After a few failed attempts at pancake mixing the next morning we produced something that vaguely resembled burnt scrambled egg, ate it and headed off in to the forest. We came to a huge lilly pond where we soaked up the sun and sacrificed ourselves to the mosquitoes. Grabbed our bikes and cycled to the beach where we paddled in the Pacific, Jon cartwheeling in the wetsand.  

Seattle

June 25, 2006

I love this place. As you drive South the city creeps up on you, all shining water, skyscrapers and space needle. Looks like the kind of scene that should have credits rolling up it. Should anyone want to visit the place, stay at the Hostel International just off 1st Avenue. Jon and I rolled up without booking and got the last two beds in the place. I've never seen such a hostel – huge free breakfast, massive rooms, no 'line ups' for the shower andcomplementary stuff wherever you go. The people here seem friendly without the stepford wives quality of the Canadians – more down to earth.

Apparantly this place is supposed to rain all the time but the city has been bathed in sunlight since we got here. Rather than being a grey drizzling city it's the most colourful city I've ever been to. The Pike Place public market sells more beautiful flowers than I have ever seen - cheap because they are grown locally. The whole place is bustling and alive with water and sky scraper views on every side.

If these explosions of colour weren't enough, Jon and I woke up this morning and bumped straight in to the annual gay pride festival. 50,000 paraded through the city. I have never seen a parade like it – more material than any parade I have seen before. Headed by 'dykes on bikes' the parade kicked off with 40 or 50 crazily large bikes roaring at high speeds up and down the street that was lined with cheering crowds. Then came firetrucks, dancers, bands… Loads of politicians and corporations trying to tap the 'pink pound' in Seattle had donated vehicles, balloons, bubble machines and free hand outs to the parade. Apparantly Starbucks is 'Proud of Pride'. 

What was also interesting about the parade was that it wasn't just a happy clappy event. There seemed to me to be an undercurrent of anger and reaction about the whole thing. Liberals might be in a majority in Seattle but they know that they're outnumbered by most Americans who vote in an openly homophobic president. Not only that, but before the parade started to come through some Seattle residents had come out to preach the evils of homosexuality with the crowd. I did a few interviews with some of them, holding signs that said all gays were going to hell etc. They were pure religious fundamentalists, unable to explain why homsexuality was evil beyond quoting the Bible. Obviously the crowd who'd turned up to see the parade were outraged – many gay couples walked straight up to these protesters and kissed right in front of them, the rest of the crowd cheering loudly whenever it happened.  

Crossing the border…

June 25, 2006

Felt like a really 'cool road tripper' as Jon and I caught an old American chromed-to-the-hilt bus out of Vancouver.
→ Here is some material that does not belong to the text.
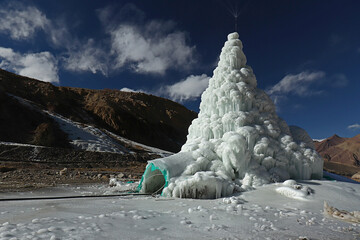 Glacier pyramide artificiel au Ladakh (Himalaya indien)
At the border of the US all of us were made to get out, have our bags checked and our private travelling plans exposed. Probably a publicity stunt to prove that the American government is 'cracking down on border control' post 9/11. If you ask me they're cracking up – the guy that checked my passport thought that the NRA was the best organisation in the world. I decided not to pick up on that one though. My finger prints were taken and then the guy slipped a microchip in to my passport. I asked him whether it would track my movements in the US and he told me that it would just check my movements across the border…. 'No Ma'am we don't care what you do once we let you in to the US, it's just letting you in that's the issue'

Leaving Vancouver

June 25, 2006

Before our bus left for Seattle, Jon and I found a friend to take us back to East Hastings in a car so we could get some photo evidence of what we'd seen. We cruised round in the streets in the morning, cameras poised at the windows. Things didn't look as bad as the day before until we came around a corner and stopped at some traffic lights where we saw people sitting in trolleys, dealing and shooting up – we snapped a few times but got noticed. The light was on red as about thirty angry looking guys started shouting, 'Hey – they're fucking taking  photos of us!' A few of them picked up bits of litter lying around on the streets and throwing at us. I was just thinking 'lights turn green lights turn green ' over and over in my head like some kind of chant as they started closing in. Luckily the lights switched and we left.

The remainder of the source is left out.